**WHAT THE EXERCISE ASKS:** Your job is to give again, exactly and with no additions, the lines in the records below from the one with "Rheinische Musik- und" through the one with "Körber ErgoUnload Parcel Unloading System", both included. Omit the pictures.

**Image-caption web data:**
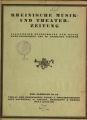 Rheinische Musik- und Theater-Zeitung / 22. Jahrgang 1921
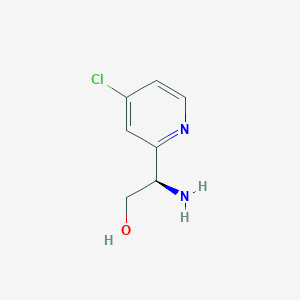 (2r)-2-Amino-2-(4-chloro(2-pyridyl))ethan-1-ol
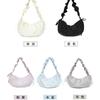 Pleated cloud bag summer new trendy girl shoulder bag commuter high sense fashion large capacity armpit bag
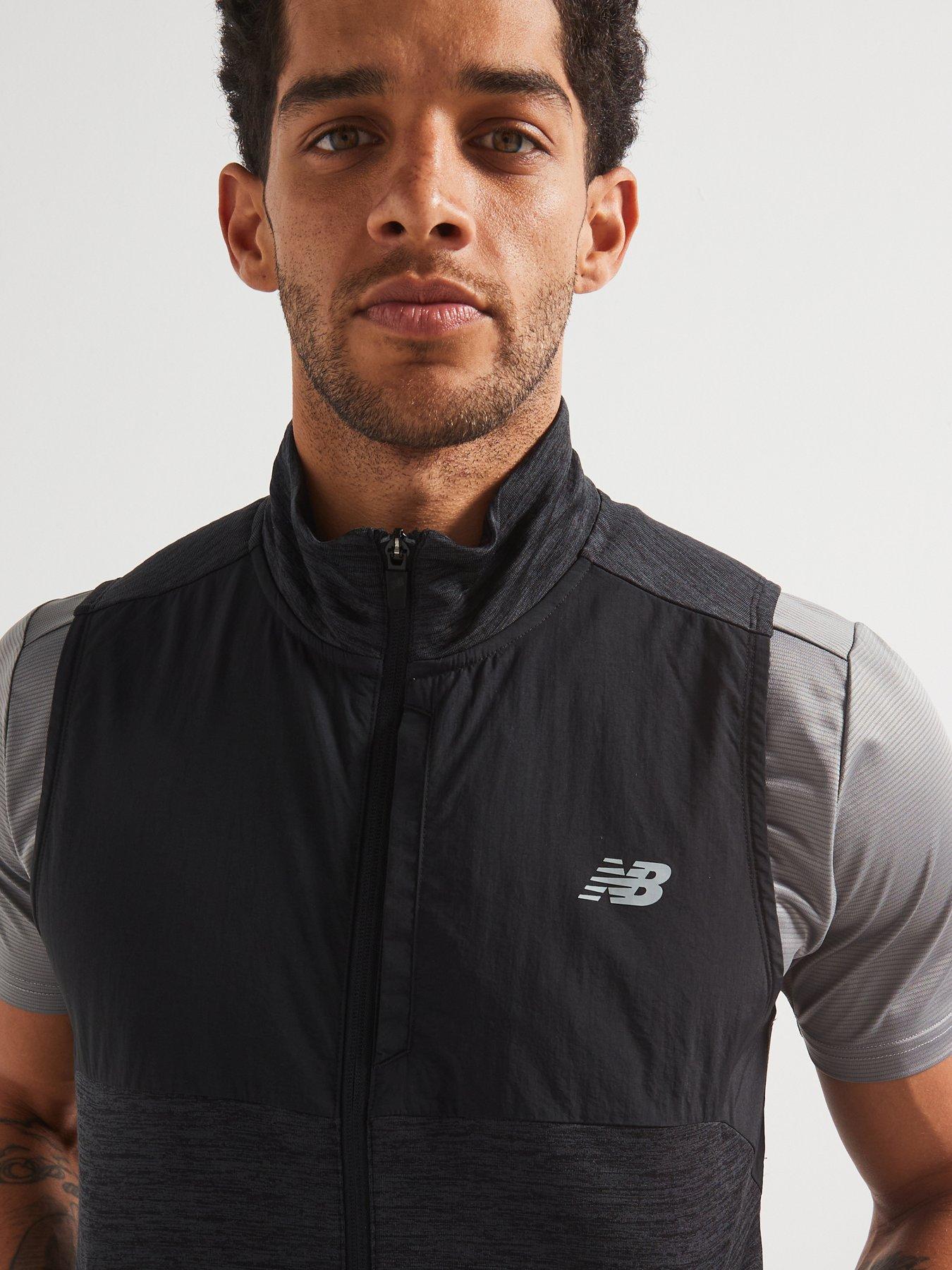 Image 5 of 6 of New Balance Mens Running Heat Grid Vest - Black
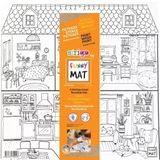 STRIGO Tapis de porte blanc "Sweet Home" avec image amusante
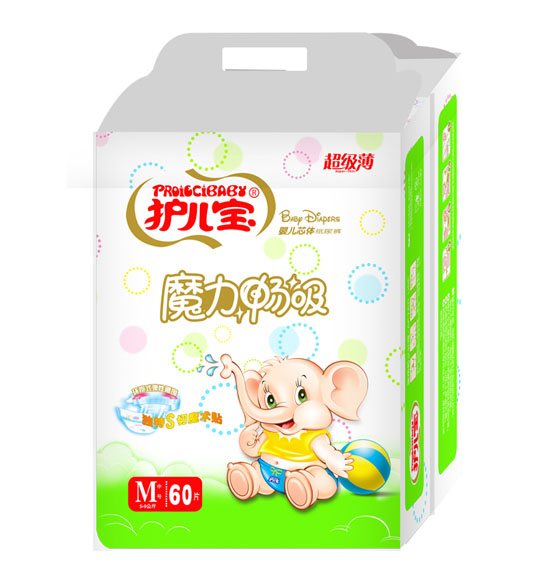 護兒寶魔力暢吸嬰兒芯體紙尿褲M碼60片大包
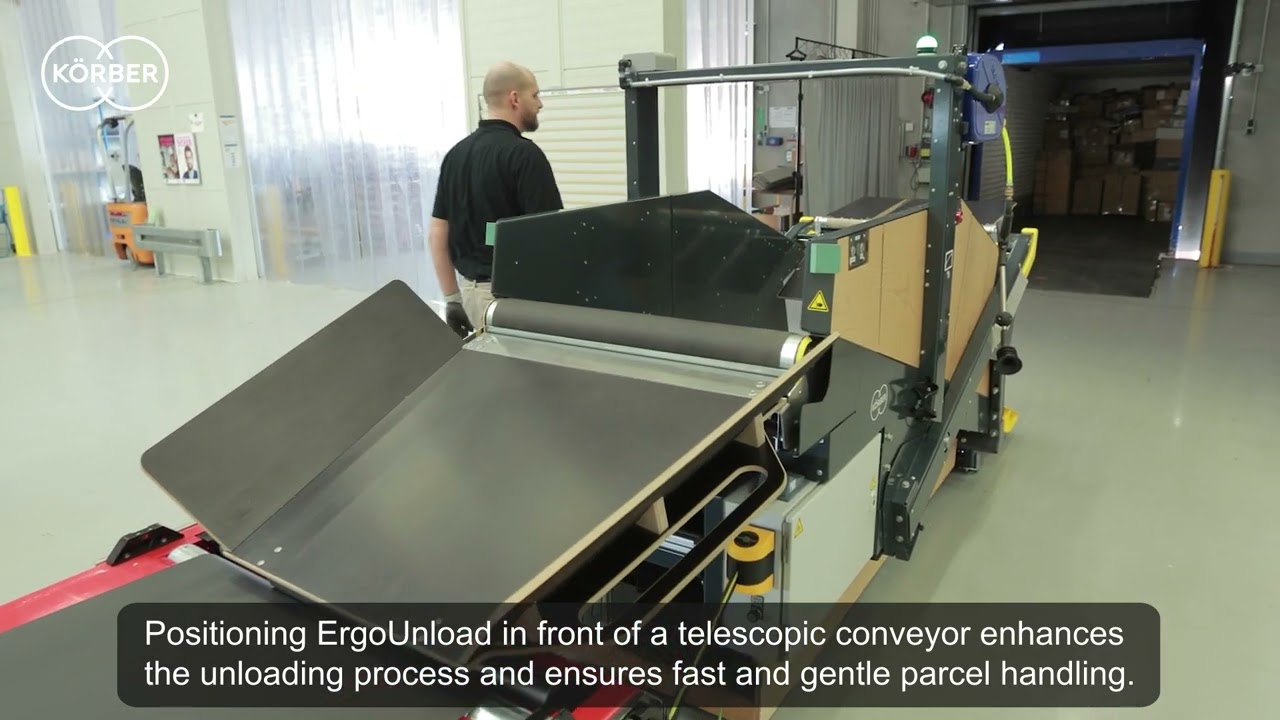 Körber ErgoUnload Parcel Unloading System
* * *
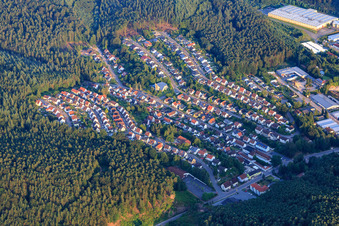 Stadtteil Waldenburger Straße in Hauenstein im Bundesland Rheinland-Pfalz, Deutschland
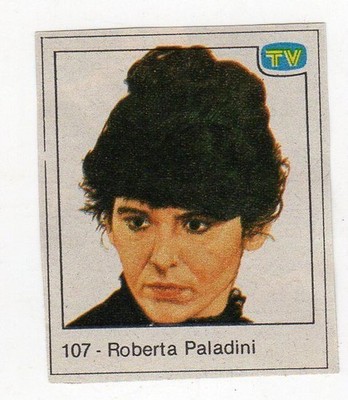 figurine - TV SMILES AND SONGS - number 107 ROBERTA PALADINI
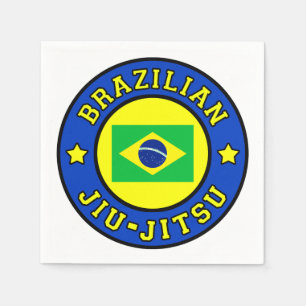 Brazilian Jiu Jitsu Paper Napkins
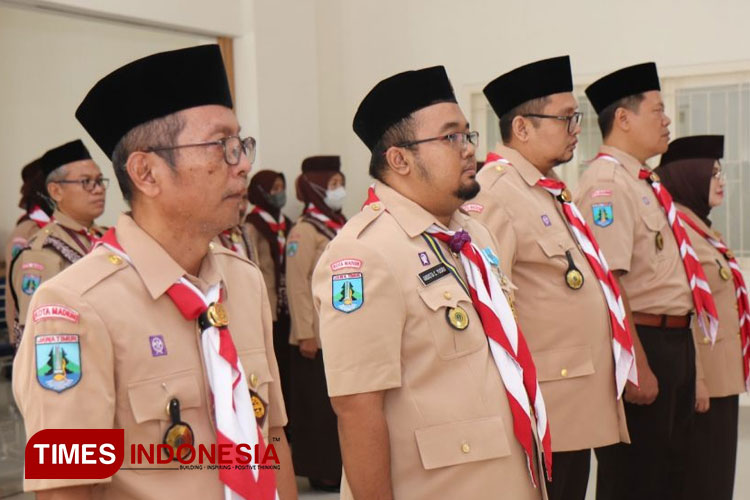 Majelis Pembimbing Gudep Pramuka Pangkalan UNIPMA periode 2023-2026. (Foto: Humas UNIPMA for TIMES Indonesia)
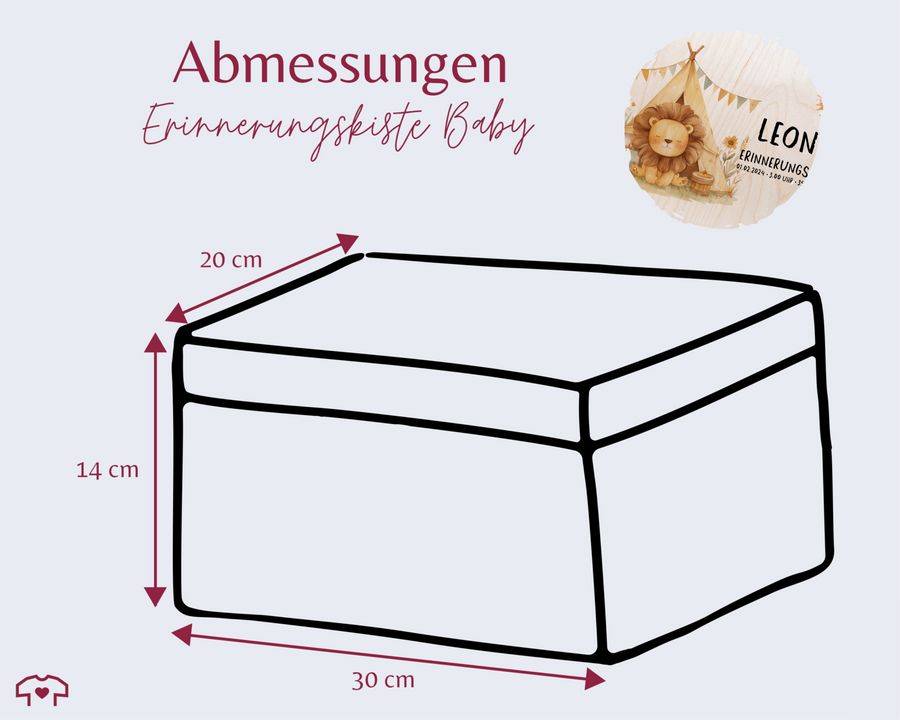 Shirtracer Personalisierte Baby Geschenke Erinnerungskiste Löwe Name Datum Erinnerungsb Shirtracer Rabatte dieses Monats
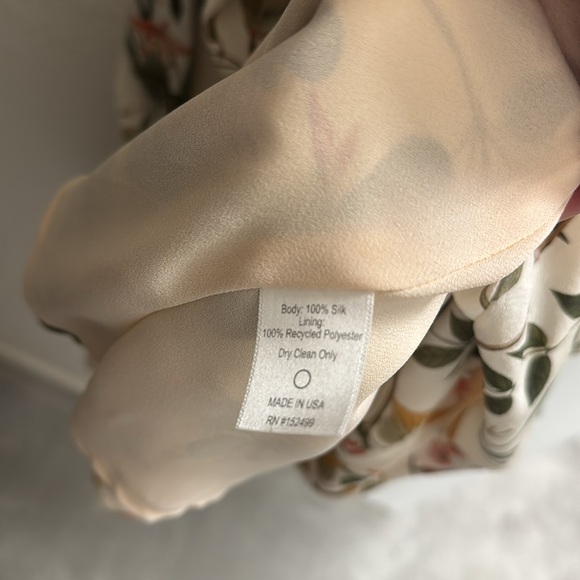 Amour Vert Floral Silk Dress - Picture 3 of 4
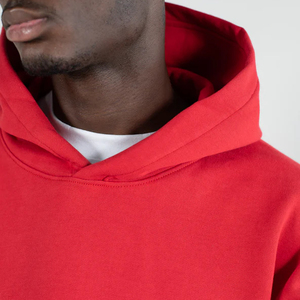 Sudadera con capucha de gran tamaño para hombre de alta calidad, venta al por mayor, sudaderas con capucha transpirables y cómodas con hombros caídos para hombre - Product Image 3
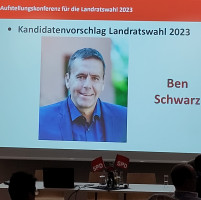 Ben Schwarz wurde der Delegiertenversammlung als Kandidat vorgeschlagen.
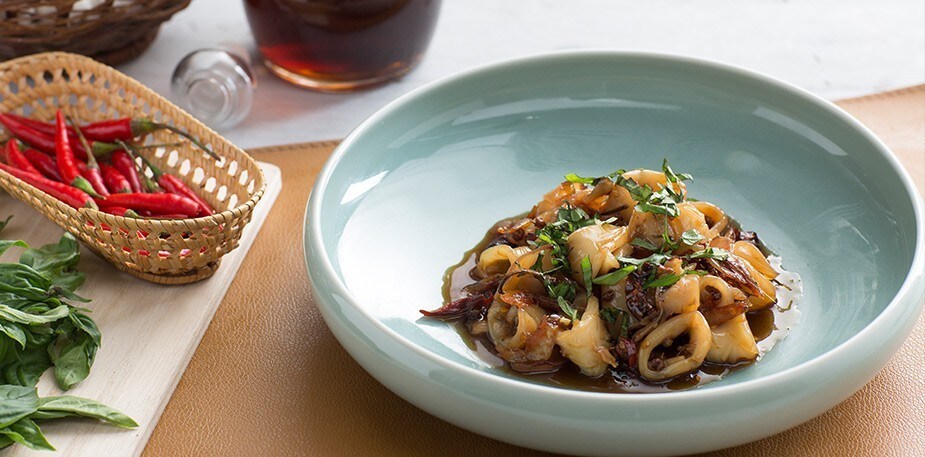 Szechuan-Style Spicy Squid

**EXPECTED ANSWER:**
 Rheinische Musik- und Theater-Zeitung / 22. Jahrgang 1921
 (2r)-2-Amino-2-(4-chloro(2-pyridyl))ethan-1-ol
 Pleated cloud bag summer new trendy girl shoulder bag commuter high sense fashion large capacity armpit bag
 Image 5 of 6 of New Balance Mens Running Heat Grid Vest - Black
 STRIGO Tapis de porte blanc "Sweet Home" avec image amusante
 護兒寶魔力暢吸嬰兒芯體紙尿褲M碼60片大包
 Körber ErgoUnload Parcel Unloading System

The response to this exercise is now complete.